Since the current Guaranteed Rate Field opened in 1991, Douglas McCormick has been a fixture in the stands.

A fan since childhood, McCormick attended 25 to 35 Chicago White Sox games a year for nearly three decades. He also worked for the scaffolding company contracted by the team when the stadium was built.

But since 2019, when McCormick began using a scooter in the stadium for his mobility disability, he says he’s faced discrimination when purchasing accessible tickets. The Sox would not sell season tickets in accessible seats, he said in a Wednesday news release.

“Imagine helping in the construction of the home stadium for your team and being told you can’t buy season tickets to go to games there,” McCormick said in the news release. “Well, that’s exactly what the White Sox told me after decades of supporting them.”

On Wednesday, McCormick, along with former AARP regional vice president and fellow Sox fan Ralph Yaniz, filed a lawsuit seeking class-action status against the Sox. McCormick and Yaniz are alleging that the team’s current ticketing practices around accessible seating violate the Americans with Disabilities Act.

Yaniz and McCormick are represented by three lawyers from Much Shelist P.C., a Chicago law firm with a history of disability rights cases, and one from Access Living, a social advocacy nonprofit focused on disability rights.

The lawsuit alleges that the team discriminates against individuals with disabilities by blocking sales of accessible seats, even “(d)uring a season where the White Sox have been historically bad and large swaths of seats at the ballpark remain empty.”

The four-person legal team filed the suit Wednesday in the U.S. District Court for Northern Illinois, taking the allegations straight to a federal level. The suit specifically requests a jury trial.

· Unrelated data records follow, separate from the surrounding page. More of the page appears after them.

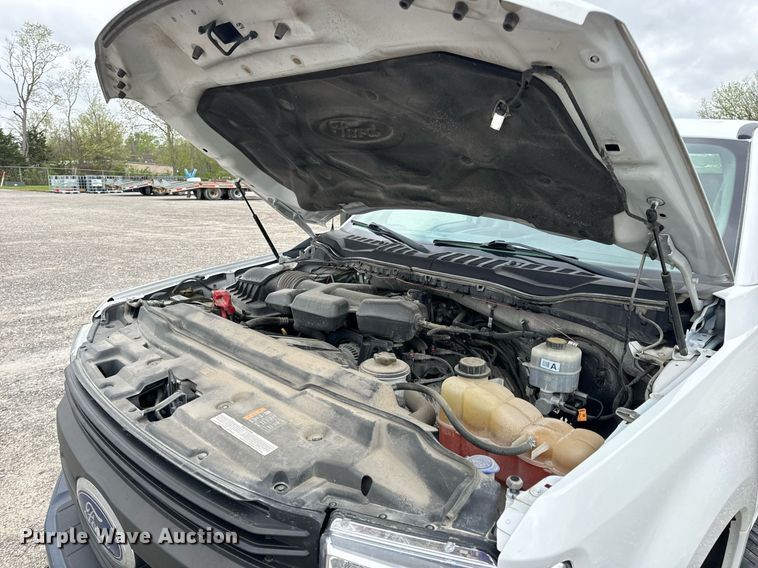 image for item DV1948 2017 Ford F250 Super Duty XL SuperCab pickup truck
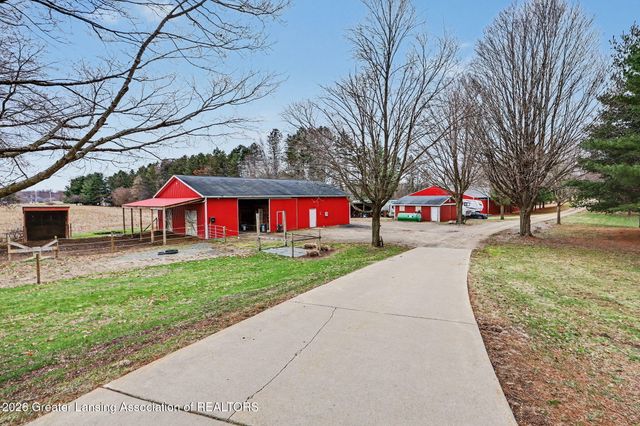 610 Grovenburg Road, Mason, MI 48854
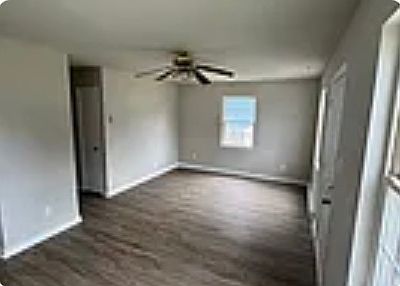 3rd image of 410 Hunter St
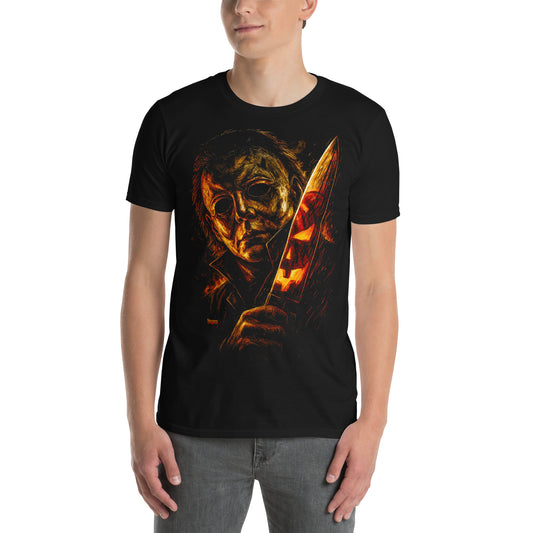 Hombre con camiseta negra inspirada en Michael Myers de Halloween con cuchillo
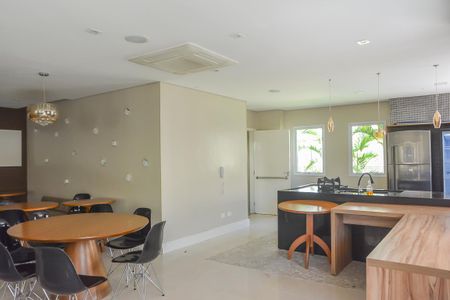 Apartamento à venda com 100m², 2 quartos e 2 vagas Apartamento à venda com 100m², 2 quartos e 2 vagasÁrea comum - Salão de festas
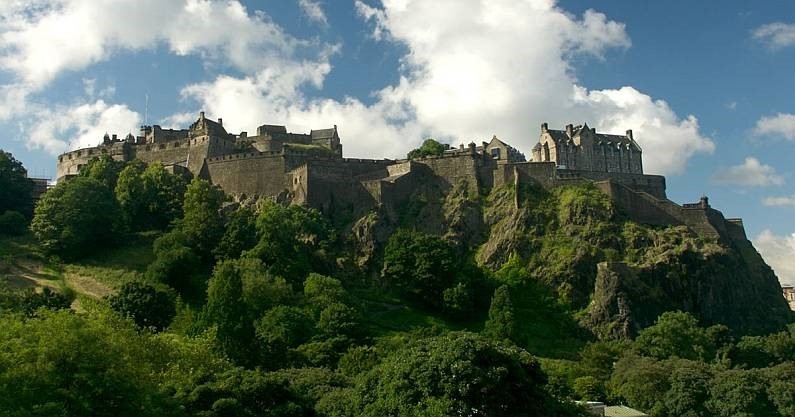 Десять самых больших зарубежных средневековых крепостей и замков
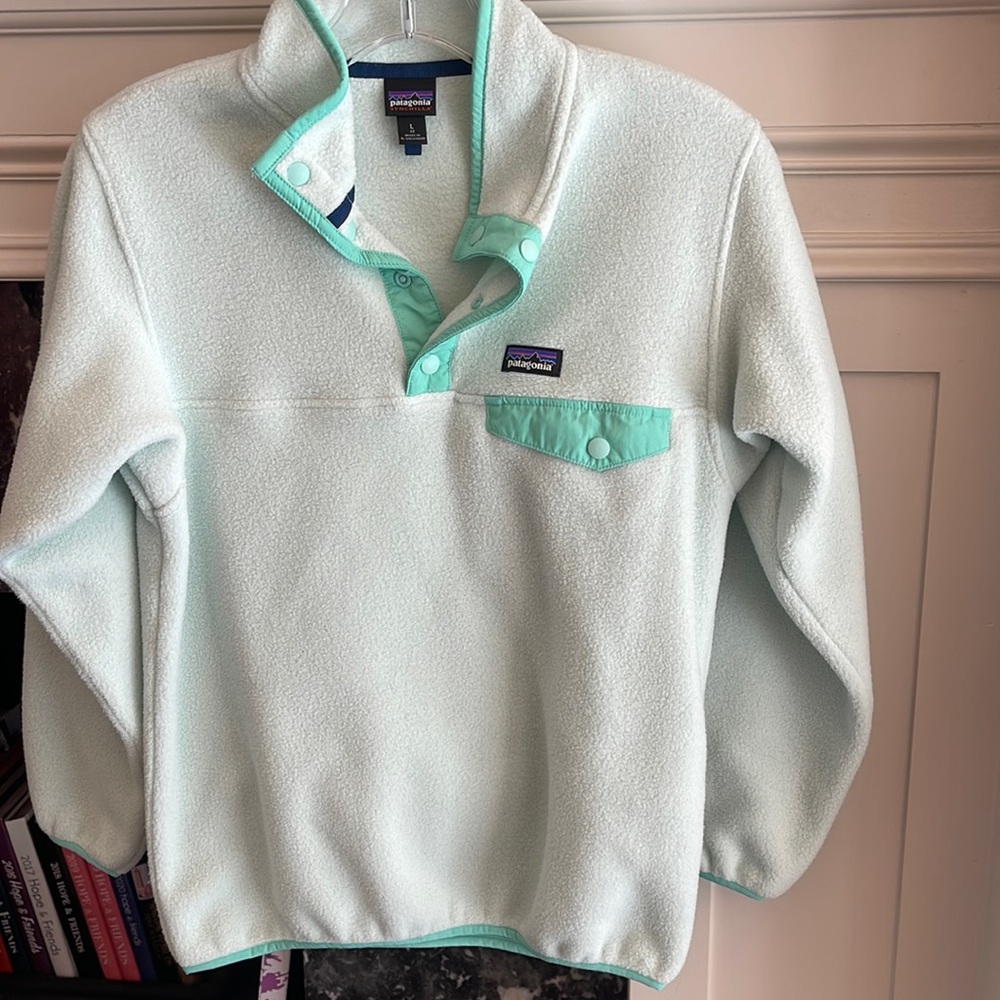 Patagonia size 12 fleece pullover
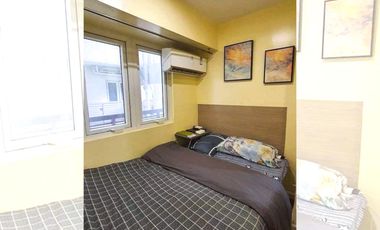 FOR SALE -4BR UNIT IN VICTORIA DE MAKATI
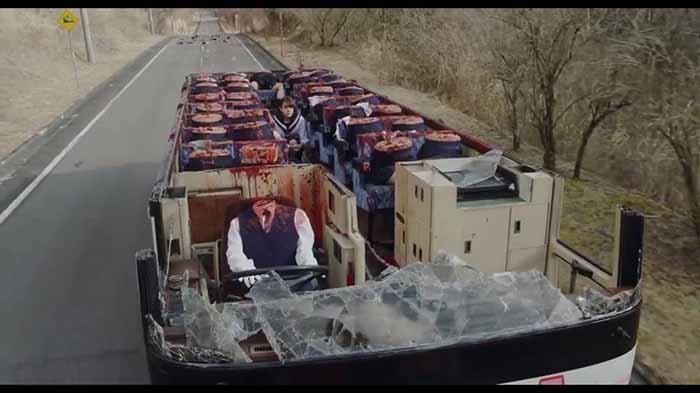 Film Riaru Onigokko, paling horor dengan adegan bus sekolah terpenggal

In a statement to the Tribune, the White Sox described accessible seating at Guaranteed Rate Field as “significant.” The team claims to comply with all legal requirements, said team spokesperson Scott Reifert.

“We are disappointed by this lawsuit as the White Sox always hope to accommodate the needs of all our fans at the ballpark,” the Sox told the Tribune. “We strongly believe that White Sox baseball is for everyone.”

But the suit alleges that the Sox do not currently offer season tickets for accessible seats online. It also alleges that not all accessible seats in the stadium are offered at every game.

Forty-four of the 63 sections on the lower deck of Guaranteed Rate Field have wheelchair-accessible seats. Of 36 upper-deck sections, six include accessible seating.

“Disabled people deserve to enjoy the same passions as everyone else, and federal law has made this clear when it comes to public accommodations,” Steven Blonder, a principal at Much Shelist and one of the plaintiffs’ attorneys, said in the news release.

Before the Sox fell out of playoff contention this year, Yaniz and McCormick allege in the lawsuit, accessible seats were mostly limited to the outfield and upper deck.

“Many of the existing accessible seats remained empty during games throughout the season,” the suit reads.

Yaniz, who has muscular dystrophy and uses a wheelchair for mobility, alleges in the suit that wheelchair-accessible seats along the first and third base line — where prices are low and shade is provided — were kept out of reach by White Sox ticketing practices.

In the suit, Yaniz says he bought accessible season tickets over the phone in 2021 but was blocked from doing so in 2022.

Yaniz alleges he was told some accessible seats are held back so they can be included in other types of ticket packages.

In the suit, McCormick points out that current limits on accessible seating makes it hard for people with disabilities to consider their own comfort when buying tickets.

Accessible sections of Guaranteed Rate Field vary widely in size, shade, concessions and distance to accessible bathrooms, the suit reads.

Plaintiff’s lawyers are asking the district court to order the Sox to change their ticketing practices while awaiting trial, by putting accessible season tickets up for sale and listing all available accessible seats for sale online.

This isn’t the first time Chicago sports fans with disabilities have played ball with the courts. In 2017, then-20-year-old Chicago Cubs fan David Cerda sued the Cubs over a 2014 renovation project that eliminated some accessible seating in Wrigley Field’s right field bleachers.

Cerda alleged that the billion-dollar, five-year project cut down on accessible seating and left the remaining sections isolated, with worse views.

The Cubs won the suit after a weeklong trial in April 2023. U.S. District Judge Jorge Alonso described Cerda’s situation as “unfortunate,” the Tribune reported. However, Alonso found the 210 accessible seats at Wrigley kept the stadium within ADA guidelines. The stadium needed at least 209 to pass.